I love working out genetics when I have the time, call it an absurd hobby, lol.  

Emily in NC


----------



## Goatzilla (Dec 29, 2009)

Since you say that you actually had a buck breed a doe at 4 weeks old, I certainly won't argue with you. I will say this though. You describe the event as rare, and warn about it, but I would say that such an occurance is way beyond rare, and really shouldn't be of concern to the average breeder.

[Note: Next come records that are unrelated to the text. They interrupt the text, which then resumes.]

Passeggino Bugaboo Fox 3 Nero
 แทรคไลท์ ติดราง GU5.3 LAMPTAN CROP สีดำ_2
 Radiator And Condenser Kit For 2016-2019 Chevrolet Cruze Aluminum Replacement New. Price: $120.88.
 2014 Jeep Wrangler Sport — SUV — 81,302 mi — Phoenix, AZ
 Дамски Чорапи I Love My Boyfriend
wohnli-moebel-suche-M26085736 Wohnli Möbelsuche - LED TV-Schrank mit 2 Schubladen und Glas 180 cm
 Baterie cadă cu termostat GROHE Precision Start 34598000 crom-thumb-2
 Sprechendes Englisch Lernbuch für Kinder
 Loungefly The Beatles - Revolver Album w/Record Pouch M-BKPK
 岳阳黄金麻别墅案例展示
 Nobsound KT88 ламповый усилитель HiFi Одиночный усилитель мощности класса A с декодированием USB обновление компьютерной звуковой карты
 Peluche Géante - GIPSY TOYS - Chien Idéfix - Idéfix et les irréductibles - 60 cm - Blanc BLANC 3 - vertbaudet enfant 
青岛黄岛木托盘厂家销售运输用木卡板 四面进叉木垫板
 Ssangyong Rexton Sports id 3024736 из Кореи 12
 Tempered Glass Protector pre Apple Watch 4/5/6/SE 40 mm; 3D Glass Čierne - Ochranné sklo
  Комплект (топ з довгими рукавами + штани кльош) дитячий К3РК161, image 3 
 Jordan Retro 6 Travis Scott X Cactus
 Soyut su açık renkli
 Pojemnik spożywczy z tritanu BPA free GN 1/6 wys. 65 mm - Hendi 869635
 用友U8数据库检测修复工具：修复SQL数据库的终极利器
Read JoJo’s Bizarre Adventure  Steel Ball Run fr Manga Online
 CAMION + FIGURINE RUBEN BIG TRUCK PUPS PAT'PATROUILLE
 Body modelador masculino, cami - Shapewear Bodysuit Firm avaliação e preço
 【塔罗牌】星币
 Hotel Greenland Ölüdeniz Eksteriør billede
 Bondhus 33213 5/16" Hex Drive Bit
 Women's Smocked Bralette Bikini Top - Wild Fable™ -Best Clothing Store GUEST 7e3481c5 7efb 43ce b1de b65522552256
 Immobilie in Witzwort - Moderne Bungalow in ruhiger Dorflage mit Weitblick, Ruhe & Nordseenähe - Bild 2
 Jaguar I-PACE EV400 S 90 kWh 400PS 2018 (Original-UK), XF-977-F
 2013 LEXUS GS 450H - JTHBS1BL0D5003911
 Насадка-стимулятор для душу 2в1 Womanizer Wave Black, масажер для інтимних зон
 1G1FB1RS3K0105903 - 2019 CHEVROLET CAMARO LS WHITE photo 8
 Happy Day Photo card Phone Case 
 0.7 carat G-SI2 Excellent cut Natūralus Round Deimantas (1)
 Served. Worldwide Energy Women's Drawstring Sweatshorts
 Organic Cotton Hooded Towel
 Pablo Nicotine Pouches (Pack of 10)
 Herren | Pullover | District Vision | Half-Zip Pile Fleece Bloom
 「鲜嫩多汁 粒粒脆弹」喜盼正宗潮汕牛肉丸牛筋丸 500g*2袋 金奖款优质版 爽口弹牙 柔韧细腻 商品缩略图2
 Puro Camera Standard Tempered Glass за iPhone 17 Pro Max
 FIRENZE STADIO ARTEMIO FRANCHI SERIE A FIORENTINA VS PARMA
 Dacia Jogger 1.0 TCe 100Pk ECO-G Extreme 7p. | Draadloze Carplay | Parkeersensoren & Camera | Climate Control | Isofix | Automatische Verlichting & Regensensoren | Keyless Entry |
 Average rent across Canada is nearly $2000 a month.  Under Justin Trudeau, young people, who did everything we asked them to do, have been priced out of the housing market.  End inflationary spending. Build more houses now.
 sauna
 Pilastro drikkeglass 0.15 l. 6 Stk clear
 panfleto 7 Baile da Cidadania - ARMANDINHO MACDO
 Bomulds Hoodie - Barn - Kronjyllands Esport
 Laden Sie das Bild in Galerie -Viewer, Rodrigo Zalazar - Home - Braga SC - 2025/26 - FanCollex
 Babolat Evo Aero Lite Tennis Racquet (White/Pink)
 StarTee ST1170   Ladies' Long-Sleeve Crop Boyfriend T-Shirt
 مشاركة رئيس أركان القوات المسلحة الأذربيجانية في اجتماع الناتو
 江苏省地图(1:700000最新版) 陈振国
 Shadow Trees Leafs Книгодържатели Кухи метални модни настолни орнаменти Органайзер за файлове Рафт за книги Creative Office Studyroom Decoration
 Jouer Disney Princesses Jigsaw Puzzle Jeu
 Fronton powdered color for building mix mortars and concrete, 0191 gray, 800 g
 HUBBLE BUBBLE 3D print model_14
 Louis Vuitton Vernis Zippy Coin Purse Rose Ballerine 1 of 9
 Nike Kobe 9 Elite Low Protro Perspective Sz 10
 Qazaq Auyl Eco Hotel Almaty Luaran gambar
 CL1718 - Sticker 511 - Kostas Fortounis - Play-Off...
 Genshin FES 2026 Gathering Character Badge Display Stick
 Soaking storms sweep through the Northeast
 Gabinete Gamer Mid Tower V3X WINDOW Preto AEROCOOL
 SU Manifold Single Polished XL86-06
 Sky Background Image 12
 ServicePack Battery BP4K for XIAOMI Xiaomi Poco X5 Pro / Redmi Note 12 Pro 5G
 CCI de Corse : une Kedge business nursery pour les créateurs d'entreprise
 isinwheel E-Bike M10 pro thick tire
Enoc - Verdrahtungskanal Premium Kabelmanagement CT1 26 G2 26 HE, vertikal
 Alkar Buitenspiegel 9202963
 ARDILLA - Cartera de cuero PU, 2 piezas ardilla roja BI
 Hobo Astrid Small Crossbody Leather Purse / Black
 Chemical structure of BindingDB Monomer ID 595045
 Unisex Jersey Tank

Over the years I have probably raised well over 2000 litters, and most offspring were housed together in some form or another for up to 12 weeks or so, and I never had an accidental breeding from a 4 week old rabbit, or for that matter, none that I know of up through that 12 week period. I have also exhibited rabbits over the years and had contact and conversations with hundreds of other breeders, and have never heard of a rabbit being sexually mature at that age. If there was a legitamate threat of accidental breedings at 4 weeks, all breeders would have to wean and separate all offspring at 3 weeks old, which is simply not done for numerous reasons.

I'm not saying that it's not possible, but I'd say that it's about as probable as getting hit by lightning while standing in line to cash in your million dollar lottery ticket, and nothing that I would worry about.


----------



## waynesgarden (Dec 29, 2009)

Off topic: The youngest human to give birth was a five year old girl from Peru.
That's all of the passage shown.